_Available records_.
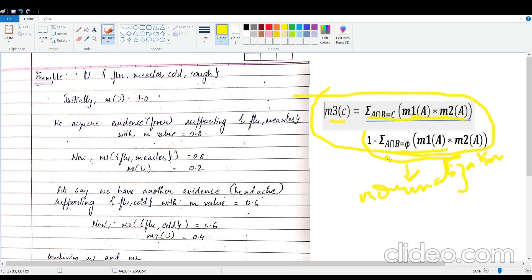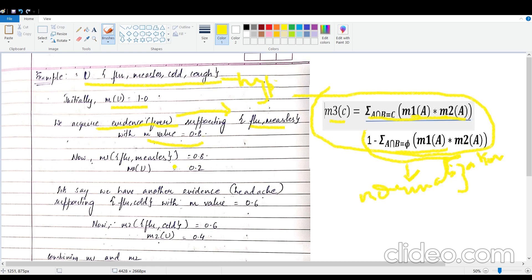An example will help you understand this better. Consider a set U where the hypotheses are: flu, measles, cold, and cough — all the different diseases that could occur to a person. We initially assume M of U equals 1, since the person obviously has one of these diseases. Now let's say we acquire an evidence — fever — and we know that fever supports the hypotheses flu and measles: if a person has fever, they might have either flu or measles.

---

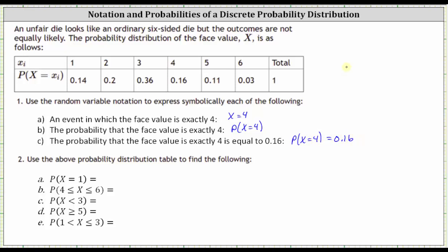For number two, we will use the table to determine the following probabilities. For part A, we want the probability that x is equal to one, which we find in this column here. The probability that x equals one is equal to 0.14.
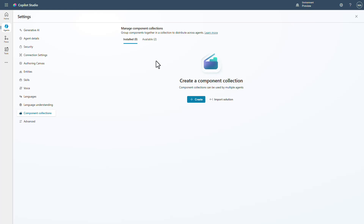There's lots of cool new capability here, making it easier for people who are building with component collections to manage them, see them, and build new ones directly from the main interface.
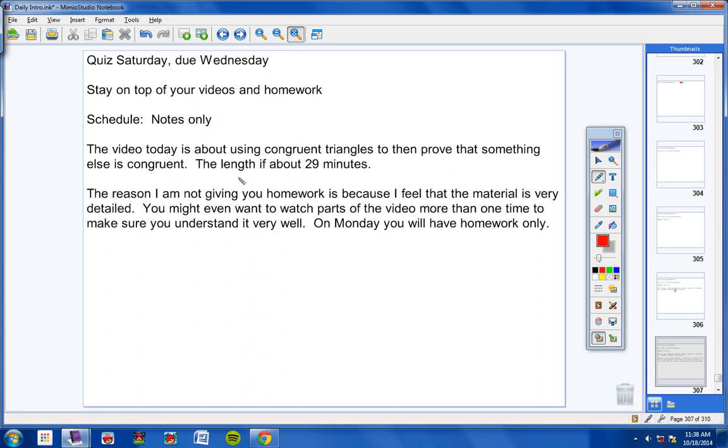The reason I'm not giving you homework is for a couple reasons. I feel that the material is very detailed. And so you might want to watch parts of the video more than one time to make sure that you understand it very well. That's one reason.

_Exercise instructions_.
Give back the exact lines above, running from the one that has "For number two, we" through the one that has "The reason I'm", with nothing added and no pictures.

_Task result_.
For number two, we will use the table to determine the following probabilities. For part A, we want the probability that x is equal to one, which we find in this column here. The probability that x equals one is equal to 0.14.
There's lots of cool new capability here, making it easier for people who are building with component collections to manage them, see them, and build new ones directly from the main interface.
The reason I'm not giving you homework is for a couple reasons. I feel that the material is very detailed. And so you might want to watch parts of the video more than one time to make sure that you understand it very well. That's one reason.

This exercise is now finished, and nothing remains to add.